Sono un lampione.
E vivo qui, al 4° Km di questa provinciale.
Illumino la strada di notte.
Di giorno me ne sto spento.
Un po' dormo e un po' osservo.
Siamo in tanti su questa strada,
ma è come se ognuno fosse solo.
Perfettamente equidistanti,
senza poterci mai toccare,
senza mai poter alzare il capo,
perennemente curvo sulla strada.
Ogni tanto a qualcuno si spegne l'occhio,
e allora sta lì, silente,
fino a che non vengono a curarlo.
Arriva un uomo,
a volte dopo pochi giorni, a volte dopo settimane
e cambia la lampada.
Poi se ne va.
E noi torniamo ai nostri affari.
Tutti dritti e perfettamente equidistanti
ad illuminare una strada
che non sapremo mai dove conduce.
Sono un mattone.
E vivo qui, stretto stretto con i miei simili.
Tutti insieme teniamo in piedi il palazzo.
Sono stato creato per questo,
ma ogni tanto la cosa mi va stretta.
Ogni tanto scricchiolo.
Anche se è molto peggio
quando sento scricchiolare gli altri.
Ho sentito di palazzi crollati d'un botto,
dopo decenni di onorato servizio.
E mattoni lordarsi del sangue di vittime innocenti.
Bambini perfino.
Non voglio fare quella fine,
sarà meglio tenere duro anche oggi.
Sperando che tutti gli altri facciano lo stesso.
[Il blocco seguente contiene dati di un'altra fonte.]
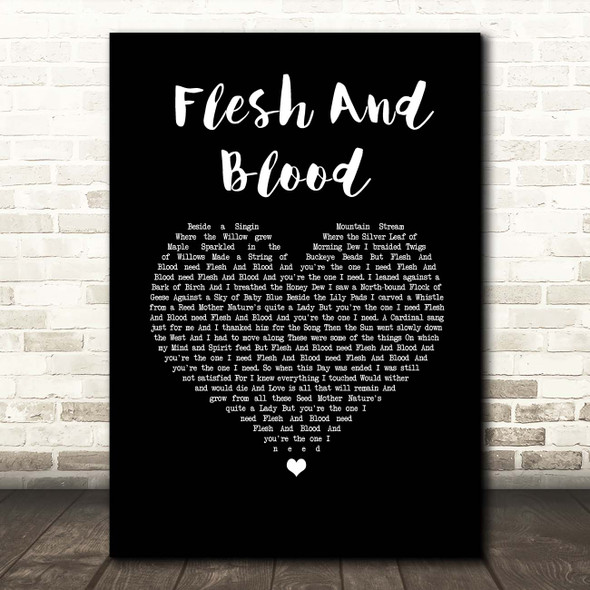 Johnny Cash Flesh And Blood Black Heart Song Lyric Print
Sono una felce e vivo qui,
attaccata a questo ponte della ferrovia,
tra Monza e Milano.
Un brutto posto.
Trascurato, sporco,
non c'è nemmeno una bella vista.
Ma le mie radici sono qui,
e qui mi tocca rimanere.
D'estate a bruciare, d'inverno a gelare.
Anche se non ci sono più le stagioni di una volta.
Almeno così mi dicono le acacie qui vicino,
che ne hanno viste molte più di me.
Io non durerò molto,
non diventerò mai un albero secolare,
anche se ogni tanto mi fermo a fantasticare
sui miei antenati millenari,
che ne l fitto delle foreste
accarezzavano i fianchi dei dinosauri.
Ma non ci sono dinosauri per me,
ne' appartamenti eleganti da ornare.
Ne' giardini da riempire.
C'è solo il ponte della ferrovia,
e i treni che passano carichi di occhi.
Ma nessuno fa caso al mio ondeggiare.
E' andata così.
E poi tutto sommato questo ponte non è così male.